Molecular characterisation of emerging pathogens of unexplained infectious disease syndromes
Published in Expert Review of Molecular Diagnostics, 2019
Xin Li, Susanna K. P. Lau, Patrick C. Y. Woo
In addition to the use of single or multiple gene amplification and sequencing, the use of deep sequencing has helped us make one step further in detection and characterization of emerging microbes causing unexplained infectious disease syndromes. In contrast to PCR/RT-PCR where part of the target gene sequence has to be known for the design of PCR primers, deep sequencing allows detection of microbes when we have minimal idea on which type of microorganism is involved, allowing pathogen identification and typing using a single protocol. For example, using unbiased high-throughput sequencing of random-primer PCR amplification products, increasing numbers of human viruses are identified to account for previously unexplained infectious conditions, including the transplant-associated arenavirus [53], cosavirus [54], klassevirus [55], Saffold virus [56], and novel members of polyomavirus, astrovirus, picobirnavirus, papillomavirus, and bocavirus [57–62]. High-throughput genomic approach also provides a useful tool for outbreak investigation, including identification of the infectious species, strain type, virulence factor, resistance mechanisms and tracking the transmission at hospital, community, or even global scale.
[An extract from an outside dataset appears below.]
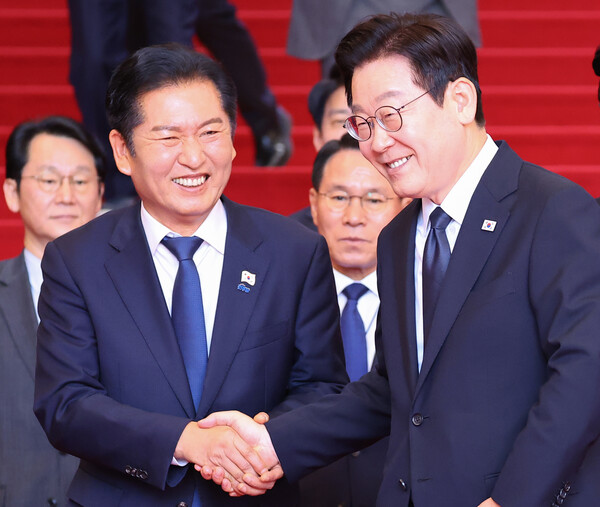 이재명 대통령(오른쪽)이 4일 국회에서 내년도 예산안 편성 관련 국회 시정연설을 마치고 정청래 더불어민주당 대표와 악수하고 있다. 사진=연합뉴스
In addition, genomic analysis allows the design of target-specific primers for rapid case identification and outbreak control. Well-known examples include hospital outbreaks of Acinetobacter baumannii, methicillin-resistant Staphylococcus aureus, and carbapenem-resistant Klebsiella pneumonia [63–65], and community outbreak of Shiga toxin-producing Escherichia coli O104:H4 in Germany in 2011 [66,67]. The cost of next-generation sequencing (NGS) has decreased dramatically in the past decade, allowing migration of this technology from the research field into the clinical microbiology or public health laboratories. More data on the correlation between metagenomic data and microbial phenotype, as well as lowering the instrument and running cost will enable wider adoption in routine clinical practice.